The Securities and Exchange Commission announced charges against alcohol producer Diageo plc for failing to disclose its knowledge of high-pressure sales tactics to ship excess products to distributors to meet internal sales targets at its North American distributors. Diageo has agreed to pay $5 million to settle the enforcement action.
According to the SEC’s order, employees at Diageo North America (DNA), Diageo’s largest and most profitable subsidiary, pressured distributors to buy products in excess of demand in order to meet internal sales targets in the face of declining market conditions. The resulting increase in shipments enabled Diageo to meet performance targets and to report higher growth in key performance indicators that were closely followed by investors and analysts.
The SEC order finds that Diageo failed to disclose the trends that resulted from shipping products in excess of demand, the positive impact the overshipping had on sales and profits, and the negative impact that the unnecessary increase in inventory would have on future growth. The order further finds that investors were instead left with the misleading impression that Diageo and DNA were able to achieve growth in certain key performance indicators through normal customer demand for the company’s products.

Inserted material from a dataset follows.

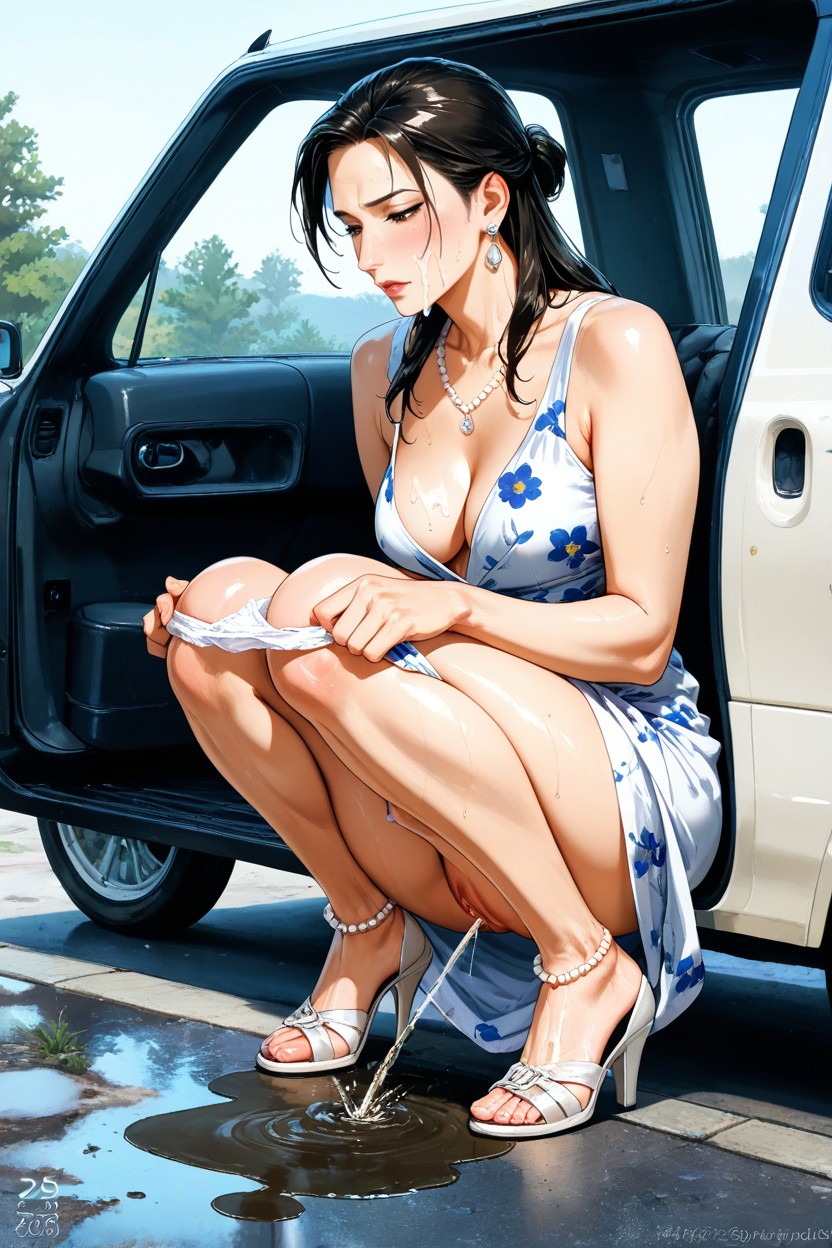 White Summer Dress Lifted To Waist, Very Close To Car Door, Squatting Hentai AI Porn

‘Creating a Misleading Picture’
“Investors rely on public companies to make complete and accurate disclosures upon which they can base their investment decisions,” said Melissa R. Hodgman, an Associate Director in the SEC’s Division of Enforcement. “Diageo pressured distributors to take more products than they needed, creating a misleading picture of the company’s financial results and its ability to meet key performance indicators.”
The SEC’s order finds that the company violated the antifraud provisions of Section 17(a)(2) and (3) of the Securities Act of 1933, as well as certain reporting provisions of the federal securities laws. Without admitting or denying the findings in the SEC’s order, Diageo agreed to cease and desist from further violations and to pay a $5 million penalty.
“Diageo is pleased to have resolved this legacy matter, which relates back to fiscal years 2014 and 2015. Diageo regularly reviews and refines its policies and procedures and is committed to maintaining a robust and transparent disclosure process,” the company said in a brief statement.
According to the SEC Order, Diageo was not required to follow a consent decree or make changes to controls or internal audit procedures to ensure the violation doesn’t happen again in the future.